* Task statement
Every record is to be printed exactly as written, and any picture in it is skipped.

* Supplied material
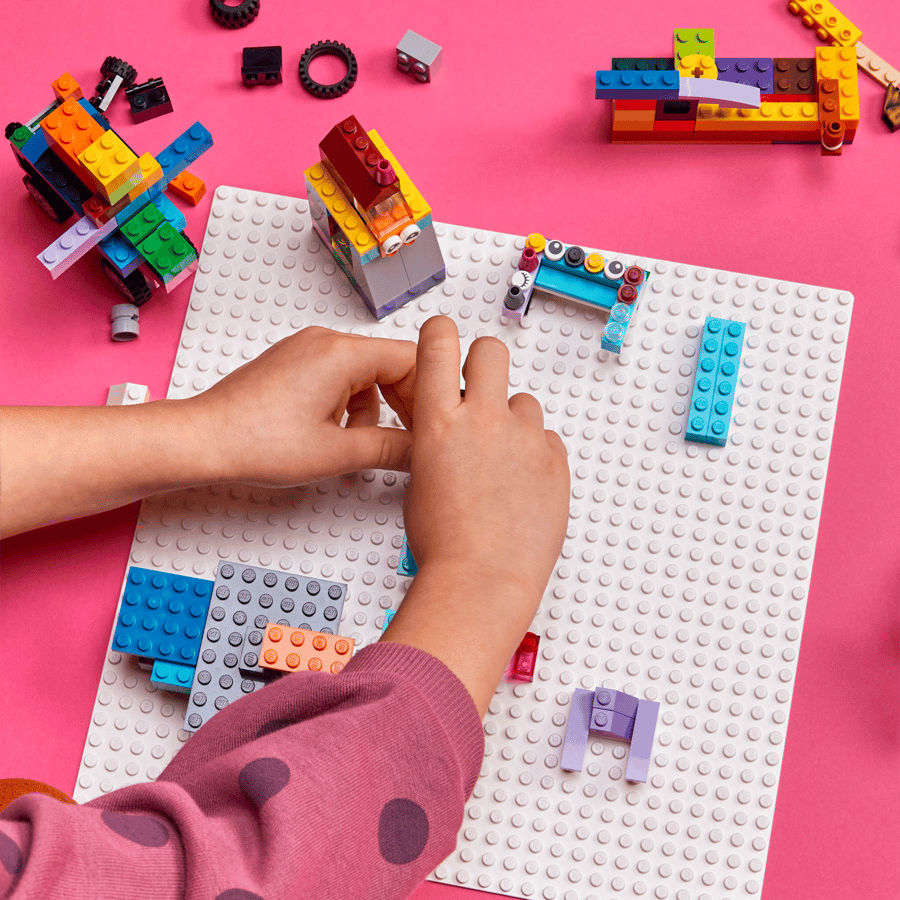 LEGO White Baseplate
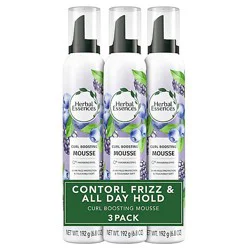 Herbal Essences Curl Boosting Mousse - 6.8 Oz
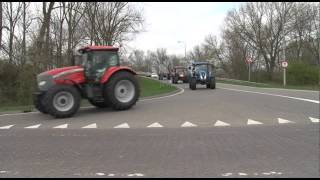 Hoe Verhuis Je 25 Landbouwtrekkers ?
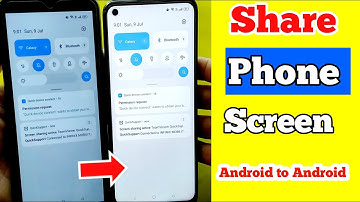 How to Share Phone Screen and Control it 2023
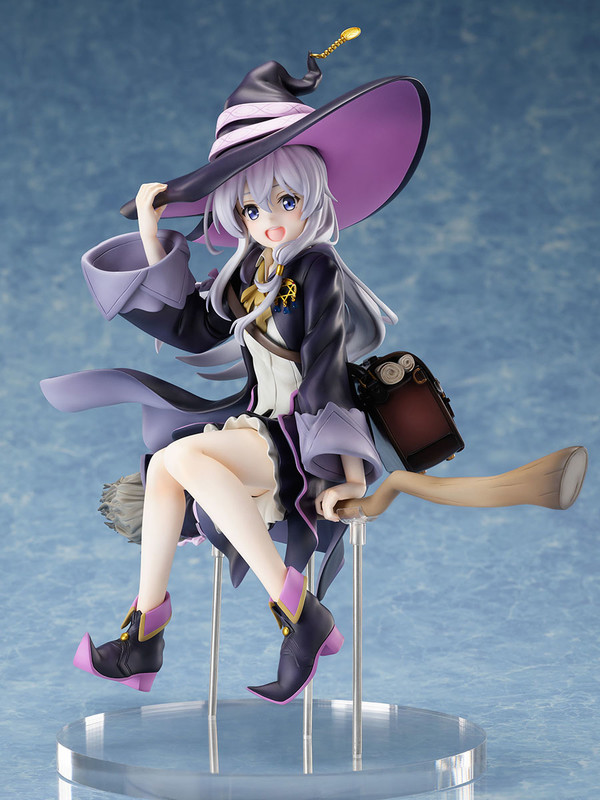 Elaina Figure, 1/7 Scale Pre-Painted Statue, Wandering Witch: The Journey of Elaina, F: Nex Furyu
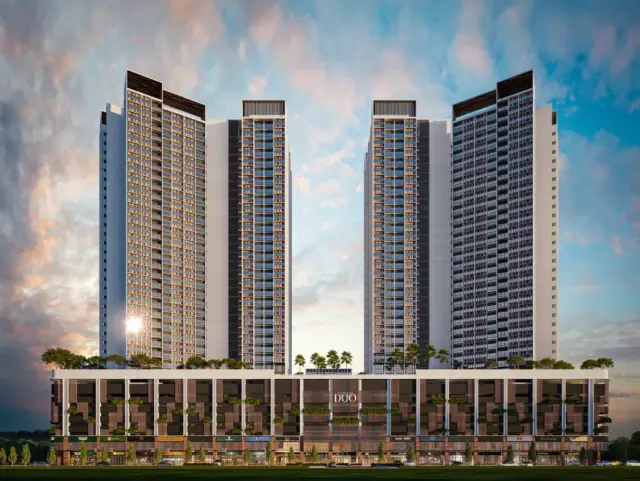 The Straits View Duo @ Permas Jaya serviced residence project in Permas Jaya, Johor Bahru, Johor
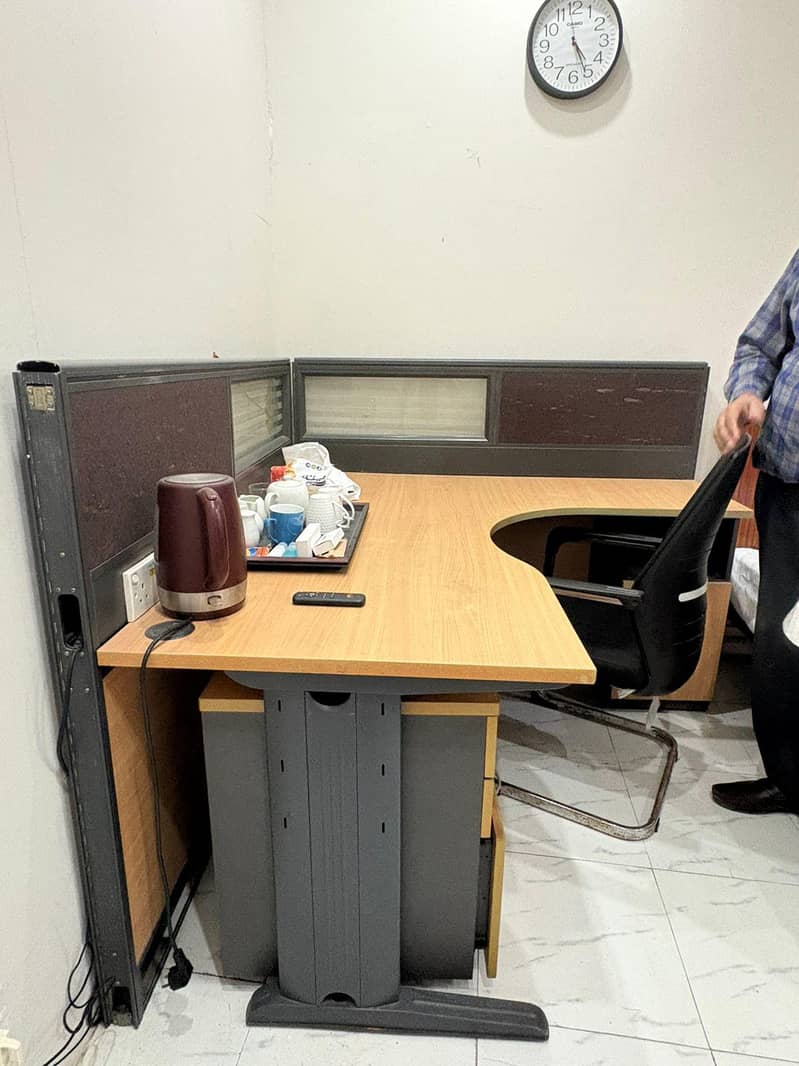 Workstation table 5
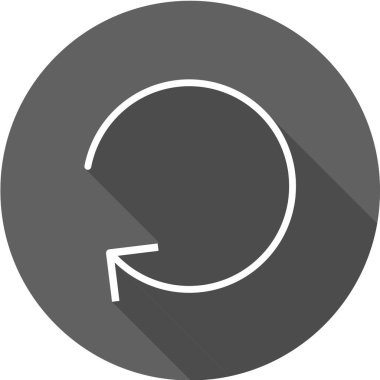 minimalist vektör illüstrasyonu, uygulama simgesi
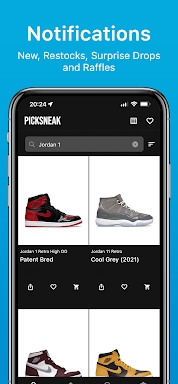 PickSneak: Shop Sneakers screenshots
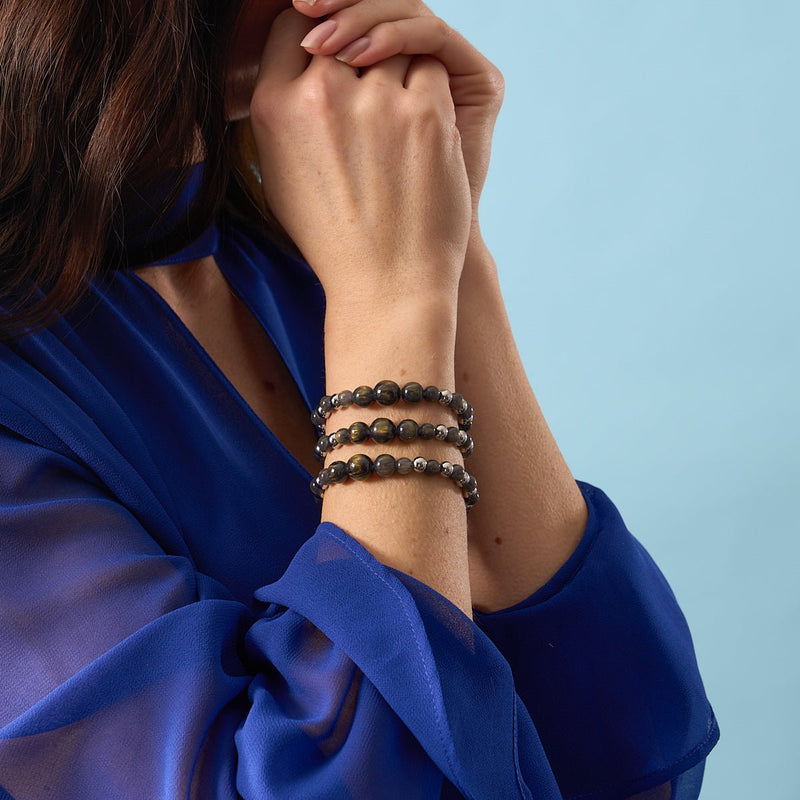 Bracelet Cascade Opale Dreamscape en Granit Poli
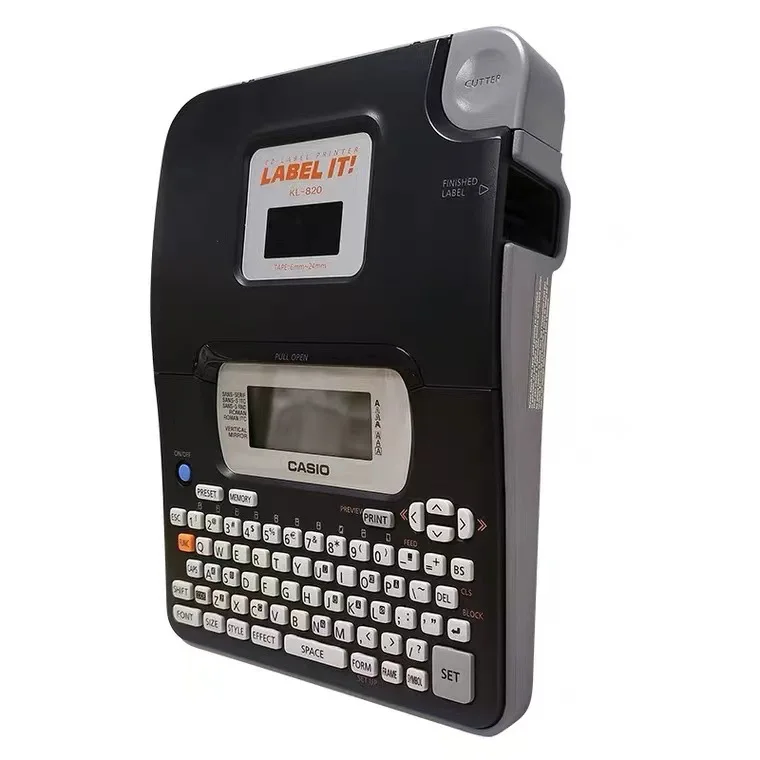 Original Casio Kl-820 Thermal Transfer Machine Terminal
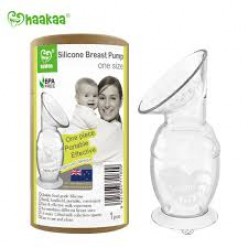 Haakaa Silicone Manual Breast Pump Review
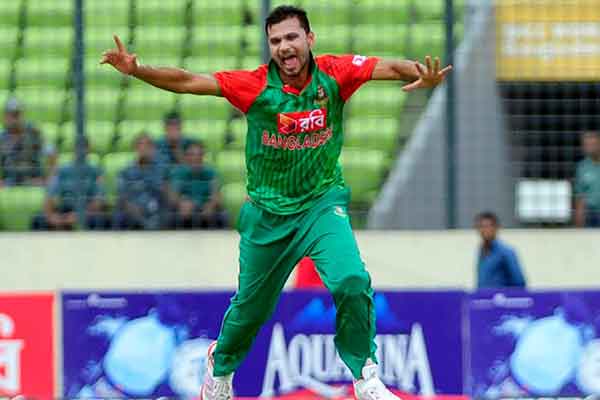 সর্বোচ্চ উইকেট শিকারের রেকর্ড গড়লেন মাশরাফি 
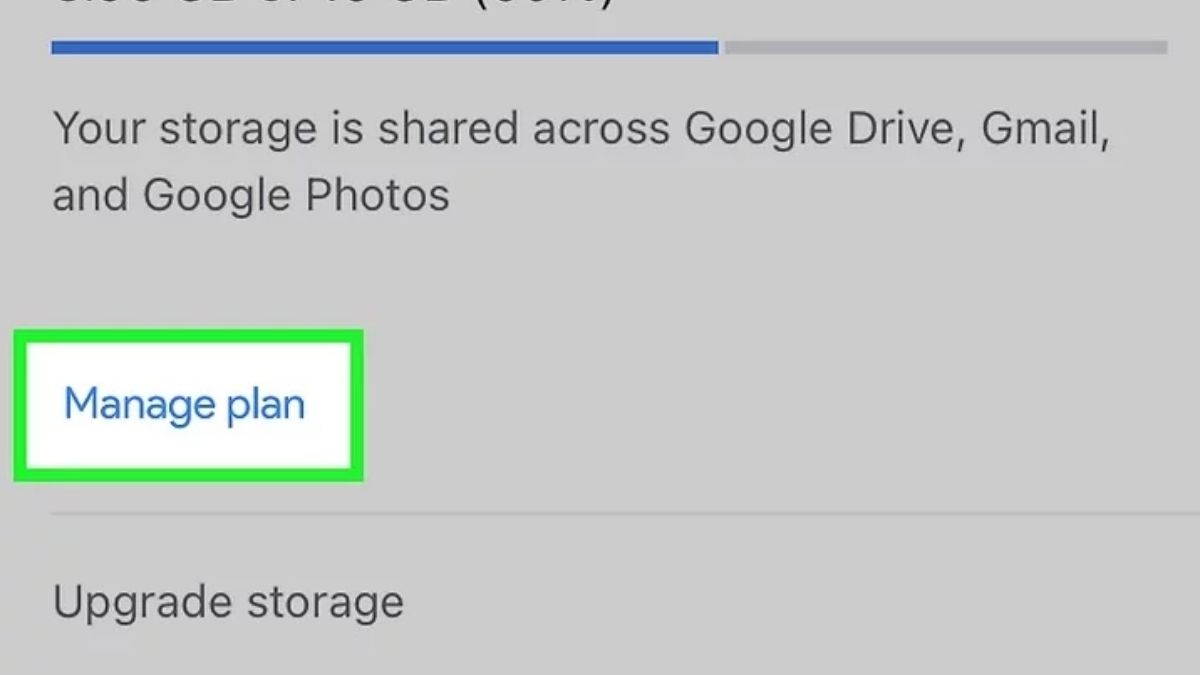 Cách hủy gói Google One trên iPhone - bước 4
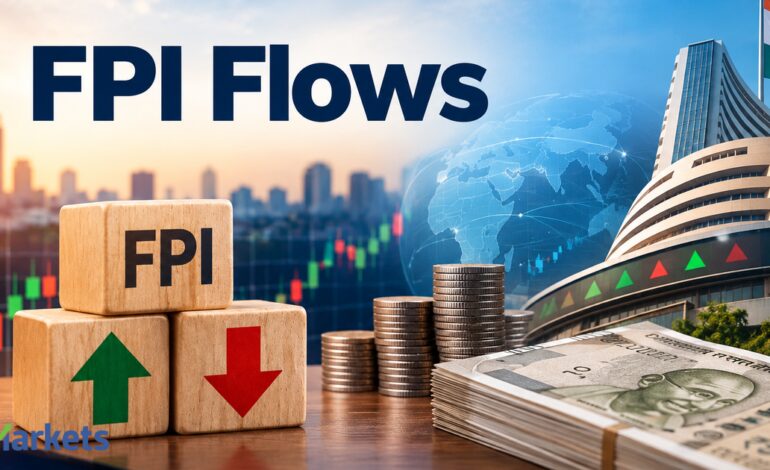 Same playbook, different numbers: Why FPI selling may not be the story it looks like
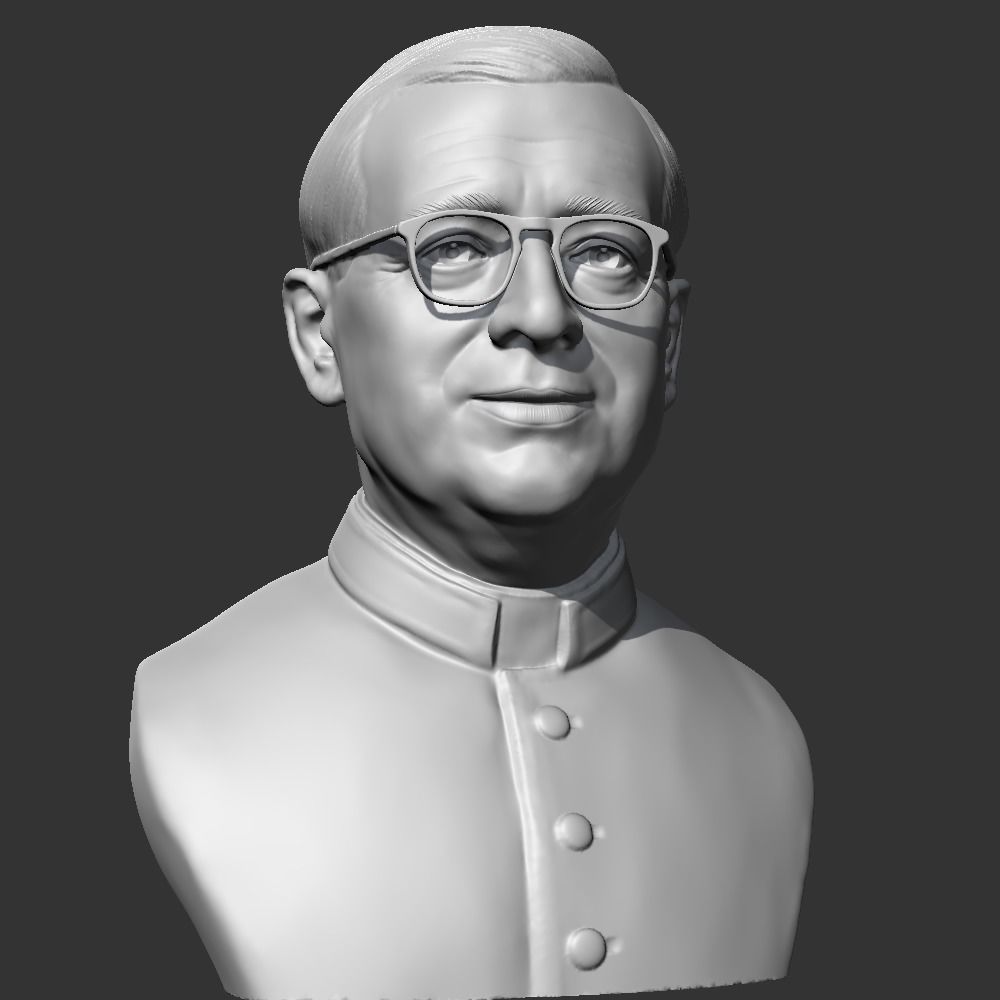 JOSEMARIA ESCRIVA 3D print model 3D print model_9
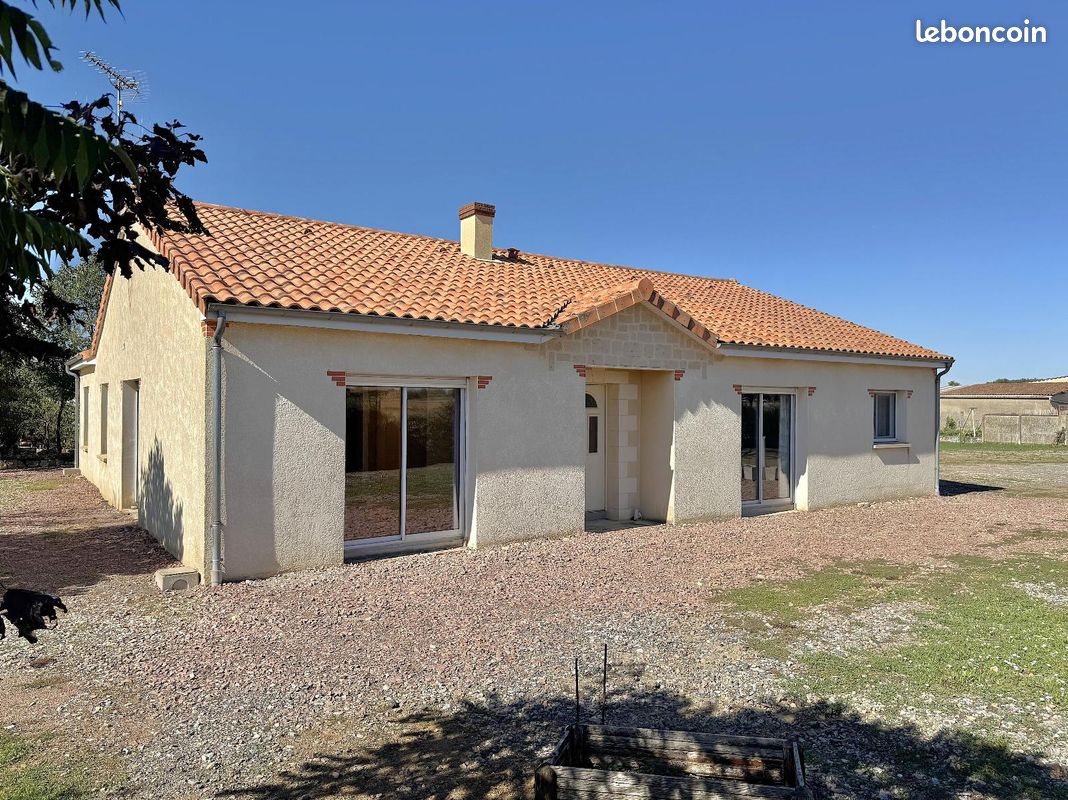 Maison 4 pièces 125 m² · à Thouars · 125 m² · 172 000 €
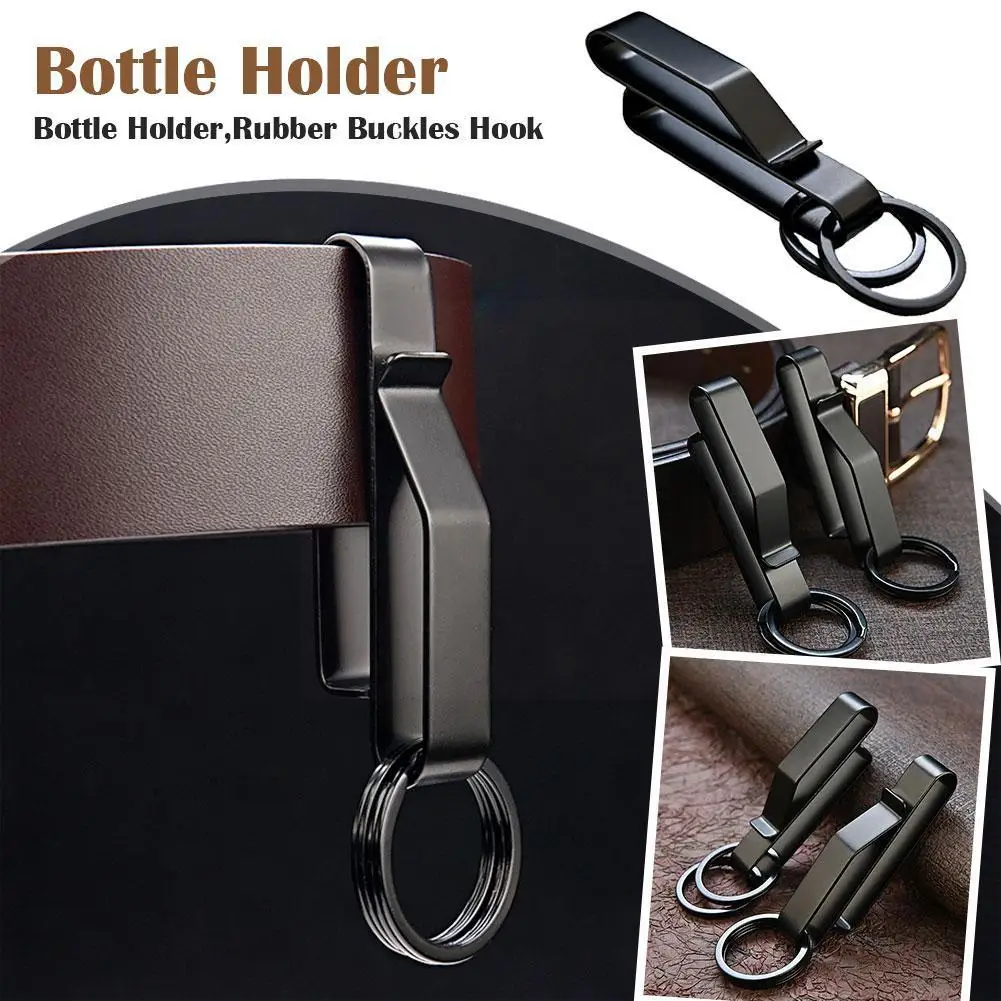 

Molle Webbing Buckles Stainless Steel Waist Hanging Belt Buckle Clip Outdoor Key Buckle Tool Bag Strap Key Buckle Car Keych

* Task result
 LEGO White Baseplate
 Herbal Essences Curl Boosting Mousse - 6.8 Oz
 Hoe Verhuis Je 25 Landbouwtrekkers ?
 How to Share Phone Screen and Control it 2023
 Elaina Figure, 1/7 Scale Pre-Painted Statue, Wandering Witch: The Journey of Elaina, F: Nex Furyu
 The Straits View Duo @ Permas Jaya serviced residence project in Permas Jaya, Johor Bahru, Johor
 Workstation table 5
 minimalist vektör illüstrasyonu, uygulama simgesi
 PickSneak: Shop Sneakers screenshots
 Bracelet Cascade Opale Dreamscape en Granit Poli
 Original Casio Kl-820 Thermal Transfer Machine Terminal
 Haakaa Silicone Manual Breast Pump Review
 সর্বোচ্চ উইকেট শিকারের রেকর্ড গড়লেন মাশরাফি 
 Cách hủy gói Google One trên iPhone - bước 4
 Same playbook, different numbers: Why FPI selling may not be the story it looks like
 JOSEMARIA ESCRIVA 3D print model 3D print model_9
 Maison 4 pièces 125 m² · à Thouars · 125 m² · 172 000 €

Molle Webbing Buckles Stainless Steel Waist Hanging Belt Buckle Clip Outdoor Key Buckle Tool Bag Strap Key Buckle Car Keych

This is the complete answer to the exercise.